* **Directions for this task**: Lines below starting with the line with "THÁNG 6 ÂM LỊCH" and going on through the line with "Альфред Шнитке - Alfred" must be output exactly; the rest of the records must be left out.

* **Records**:
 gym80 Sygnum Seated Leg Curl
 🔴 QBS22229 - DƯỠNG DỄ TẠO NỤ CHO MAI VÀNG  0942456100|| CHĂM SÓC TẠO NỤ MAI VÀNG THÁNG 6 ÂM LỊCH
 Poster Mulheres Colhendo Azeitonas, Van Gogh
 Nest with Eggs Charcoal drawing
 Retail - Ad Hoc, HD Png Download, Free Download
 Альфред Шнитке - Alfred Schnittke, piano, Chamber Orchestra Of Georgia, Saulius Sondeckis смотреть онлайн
--
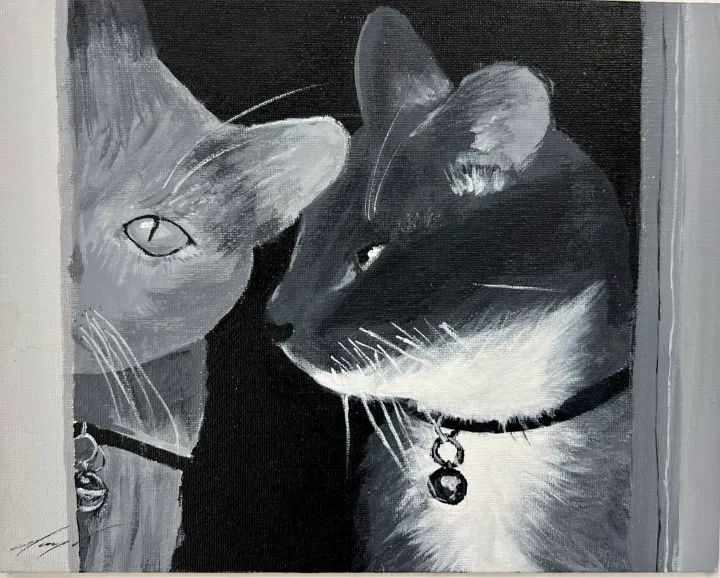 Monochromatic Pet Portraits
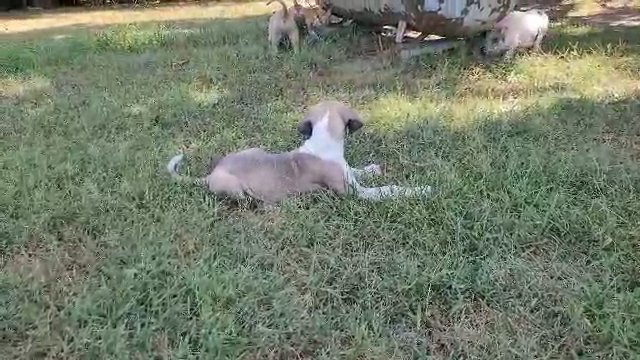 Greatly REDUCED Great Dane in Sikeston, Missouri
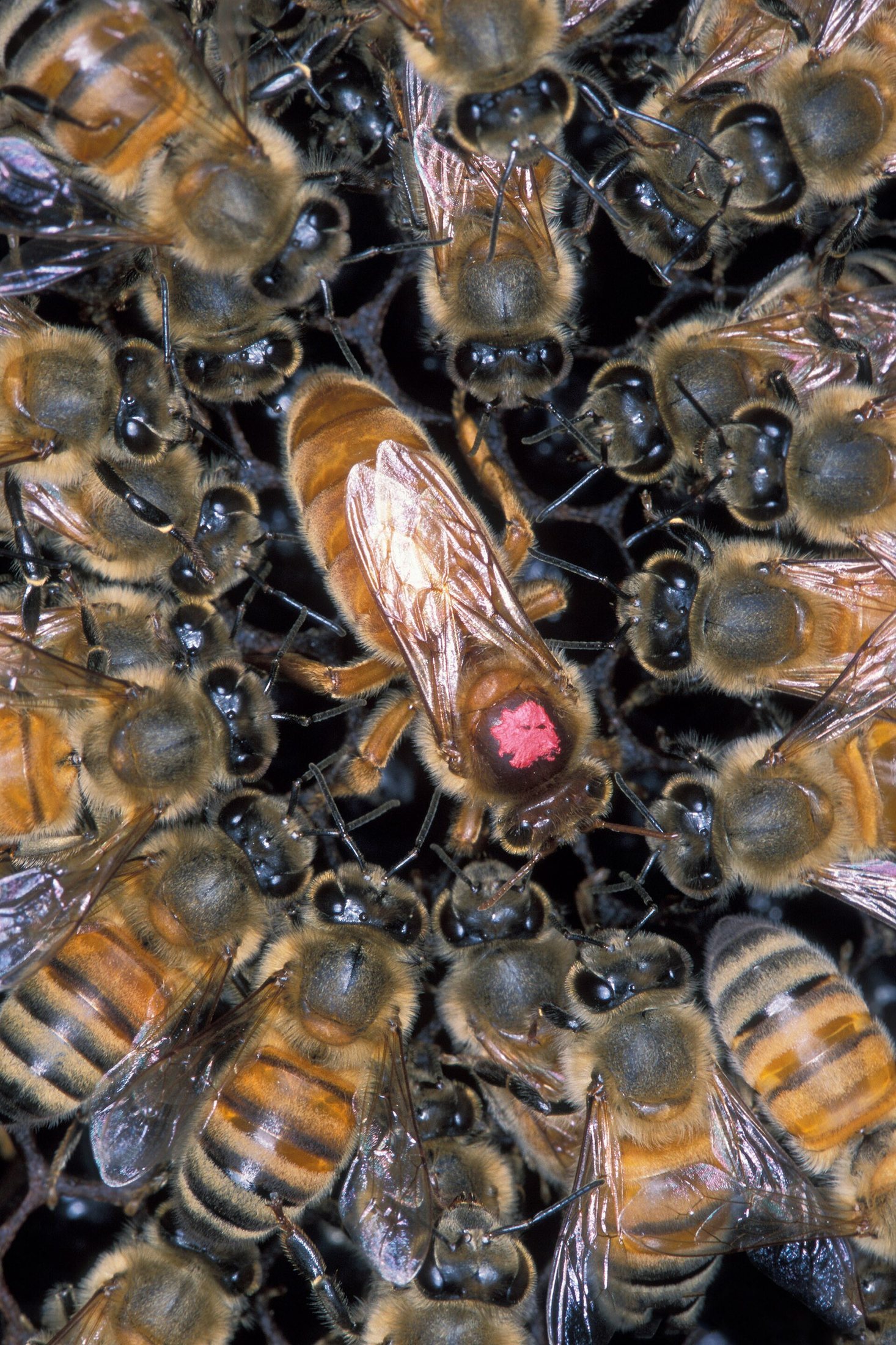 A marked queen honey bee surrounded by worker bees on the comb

* **Exercise solution**:
 🔴 QBS22229 - DƯỠNG DỄ TẠO NỤ CHO MAI VÀNG  0942456100|| CHĂM SÓC TẠO NỤ MAI VÀNG THÁNG 6 ÂM LỊCH
 Poster Mulheres Colhendo Azeitonas, Van Gogh
 Nest with Eggs Charcoal drawing
 Retail - Ad Hoc, HD Png Download, Free Download
 Альфред Шнитке - Alfred Schnittke, piano, Chamber Orchestra Of Georgia, Saulius Sondeckis смотреть онлайн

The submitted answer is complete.